- Brief: Pictures found in the material must be left out, and every line returned as written.

___ Exercise data ___

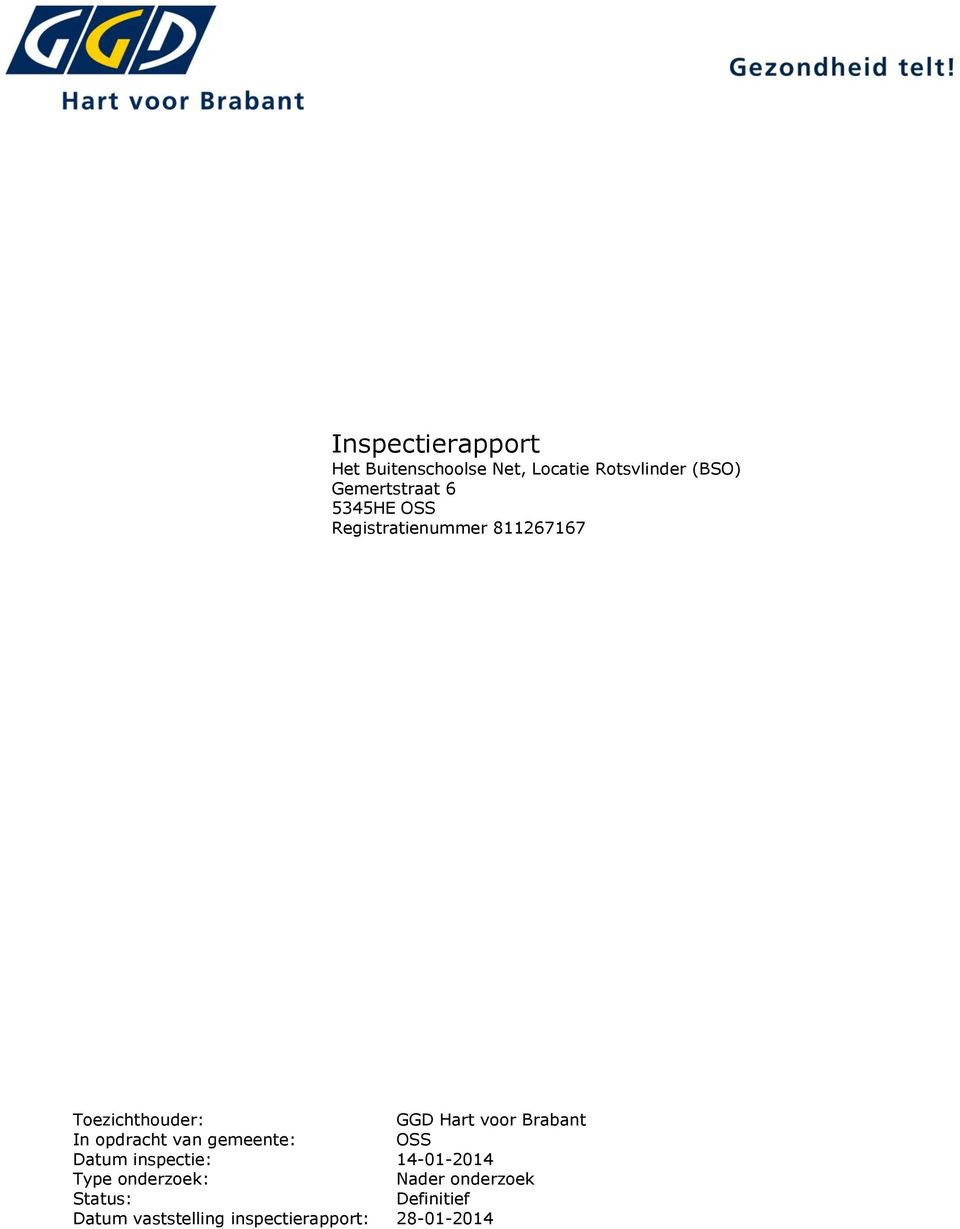 voor Brabant In opdracht van gemeente: OSS Datum inspectie: 14-01-2014 Type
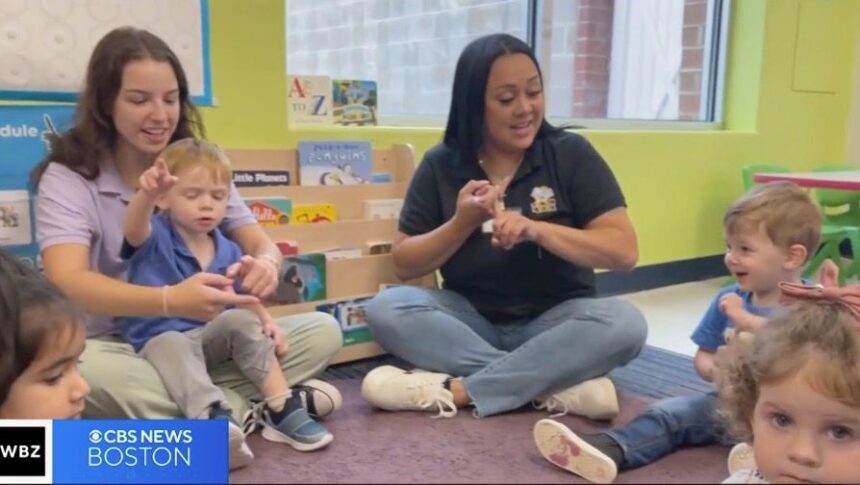 <i>WBZ via CNN Newsource</i><br/>More young children are learning to express themselves through sign language at day cares in Massachusetts.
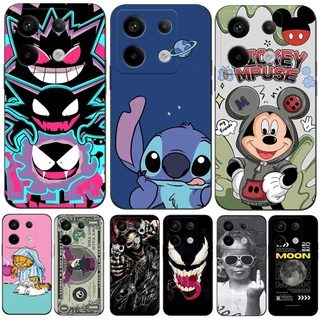 Estojo Para POCO X6 PRO Silicone Phone Back Cover Preto tpu Ponto De Capa De Desenho anime cartoon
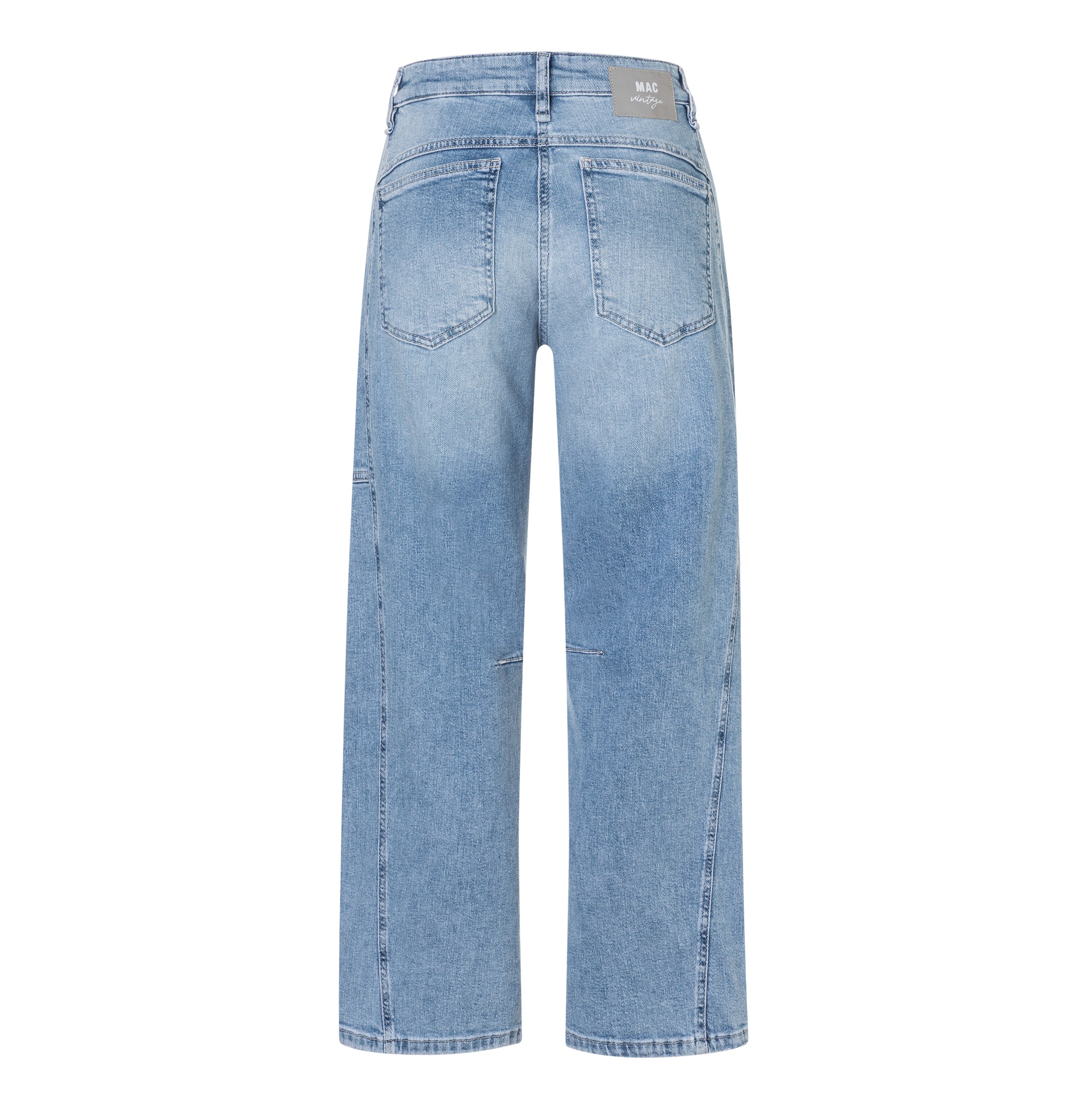 Casual barrel jeans with seam details. | OHIO Barrel | light blue random washed | Back view of bust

___

- Written solution:
 voor Brabant In opdracht van gemeente: OSS Datum inspectie: 14-01-2014 Type
 <i>WBZ via CNN Newsource</i><br/>More young children are learning to express themselves through sign language at day cares in Massachusetts.
 Estojo Para POCO X6 PRO Silicone Phone Back Cover Preto tpu Ponto De Capa De Desenho anime cartoon
 Casual barrel jeans with seam details. | OHIO Barrel | light blue random washed | Back view of bust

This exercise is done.